Legal News | 15.06.23
When is a Deed of Appropriation appropriate?
Depending on the state of the property market at the time, it is not uncommon for a personal representative to find that, at the point of sale, the deceased’s property has increased significantly in value since the initial date of death valuation. Unfortunately, this may result in Capital Gains Tax (CGT) becoming payable.
Estates have an annual CGT allowance of £6,000. Subject to certain permissible deductions, if a property sells for £6,000 more than the date of death valuation, there will be a CGT liability on the gain at a rate of 28%.
So, what steps could a personal representative consider taking to mitigate the amount of CGT that is payable?

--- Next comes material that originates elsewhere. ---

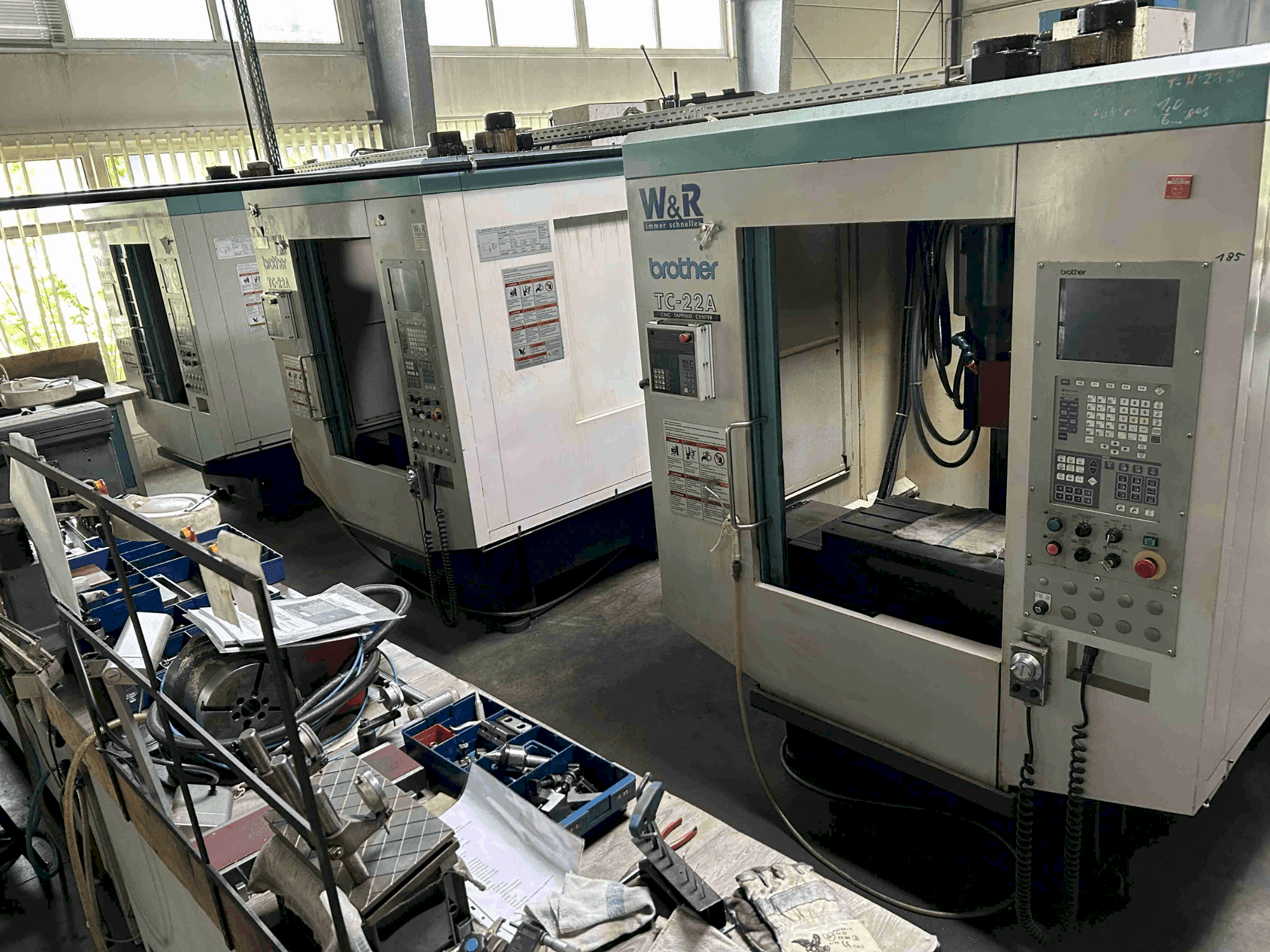 Mašīnas Brother TC-22A  pretskats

The personal representative could consider ‘appropriating’ the property to one or more of the estate beneficiaries. This means that the equity in the property would essentially be transferred to the beneficiary(s) as part of their entitlement to the estate.

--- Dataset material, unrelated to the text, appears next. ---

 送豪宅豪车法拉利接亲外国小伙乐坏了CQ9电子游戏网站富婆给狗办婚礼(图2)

Once the property has been appropriated, any gain on the sale of the property would be treated as the beneficiary’s own for CGT purposes and they could therefore take advantage of their own annual CGT allowances. The benefits of this are:
- If there is more than one beneficiary, the gain would be spread across all of their annual allowances. For example, if there were two beneficiaries, then they could take advantage of a combined CGT allowance of £12,000 (presuming they have not made any other disposals that year), rather than the estate’s sole £6,000 CGT allowance; and
- If the beneficiaries are lower rate taxpayers, CGT on the property could be charged at the lower 18% rate, rather than the higher rate of 28%.
CGT can also apply to other assets owned by the deceased, including personal items and shares that are not held in an ISA.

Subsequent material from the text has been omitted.